Des chercheurs de l’Université Temple (Pennsylvanie) ont mis un groupe de bébés face à un objet intéressant (bruyant et coloré) qu’ils montraient et appelaient d’un nom imaginaire. Lorsque le chercheur prononçait un nouveau mot imaginaire, les bébés cherchaient du regard un nouvel objet, mais en réentendant le premier nom, 80% des enfants tournaient à nouveau leur regard vers l’objet. Comme quoi le mot et l’objet étaient déjà associés dans l’esprit de l’enfant.

Inné ou acquis ?

L’explication s’avère complexe. On pourrait résumer : un peu de biologique, beaucoup de culturel. L’organisation du cerveau, légèrement différente, les hormones et l’arrivée à maturité du cerveau des filles avant celui des garçons, sont autant d’hypothèses qui peuvent expliquer partiellement les différences.
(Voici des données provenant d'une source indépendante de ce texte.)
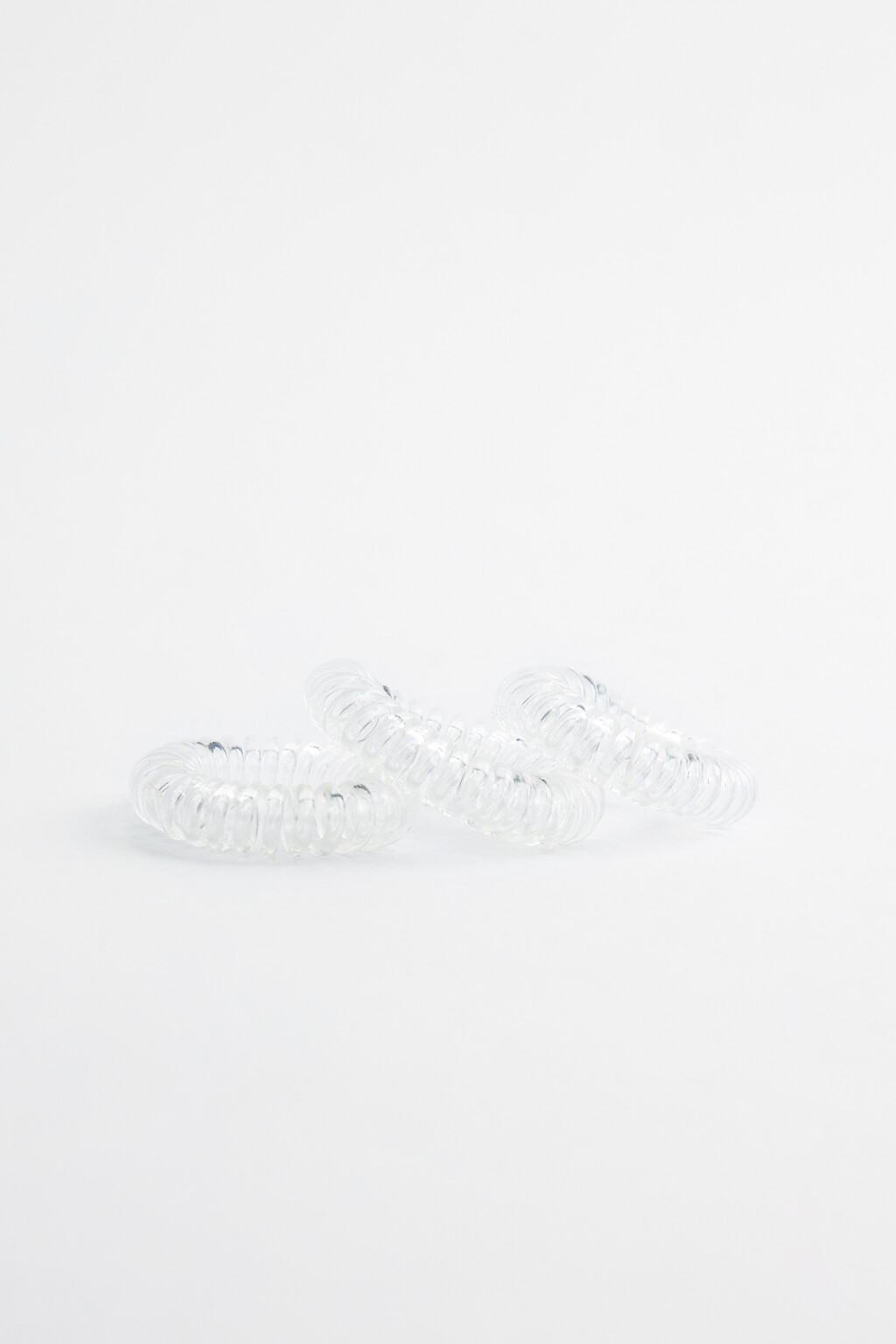 Набор резинок-спиралей для волос (3 штуки) - цвет белый - 2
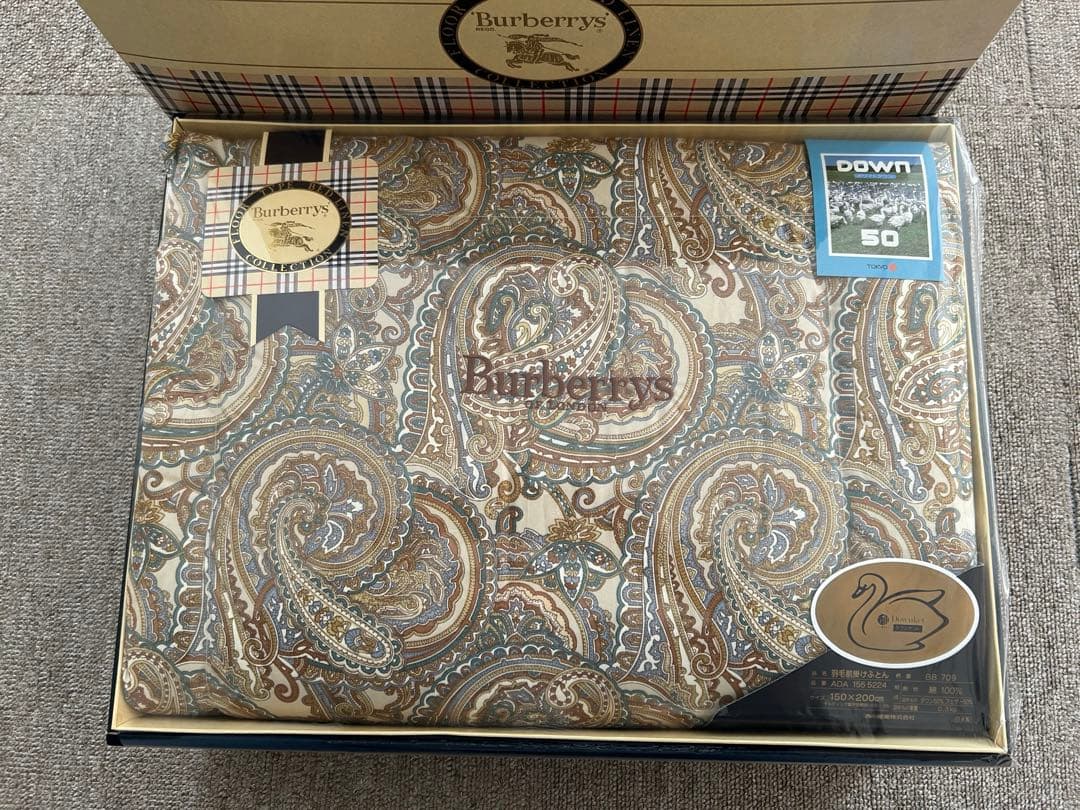Burberrys バーバリー 羽毛肌掛け布団 ペイズリー シングル　西川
Mais pour Caroline Bouchard, l’essentiel vient de l’environnement où vit et apprend l’enfant. Très tôt, les garçons sont plus stimulés sur le plan physique alors que les filles sont poussées verbalement. On sait en particulier que les mères parlent plus à leurs filles qu’à leurs fils. Les filles jouent aussi davantage à des jeux de rôles (jouer à la famille) où elles utilisent le langage, au contraire des simulations de lutte que préfèrent les garçons. Voilà qui explique le vocabulaire plus étendu des filles.

Quant aux différences dans les mots utilisés, elles viendraient des rôles qu’on attribue aux enfants. "  Les garçons subissent une forme de pression pour agir conformément à leur sexe, explique la chercheuse. Une fille qui prend un camion ne sera pas vraiment critiquée alors qu’on fera comprendre à un garçon par le verbal ou le non-verbal qu’il ne doit pas jouer avec une poupée. "

" Pour moi, s’il existe des aspects biologiques, ils ne font qu’atténuer ou renforcer les aspects sociaux.  Les différences biologiques entre les sexes peuvent être la base à partir de laquelle construire les différences culturelles. "

Et la recherche a bien des difficultés à les départager, quand dès leur plus jeune âge les enfants sont influencés par leur environnement.

Mais pour Natacha Trudeau, la recherche en orthophonie se doit de tenter de le faire, parce qu’elle est au service de la discipline clinique." Et comment pourrait-on penser intervenir et modifier des comportements qui seraient entièrement déterminés à la naissance ? " Il faut isoler les aspects dus à l’environnement dans lequel vit l’enfant, car c’est sur eux qu’on peut mieux agir pour optimiser la communication humaine.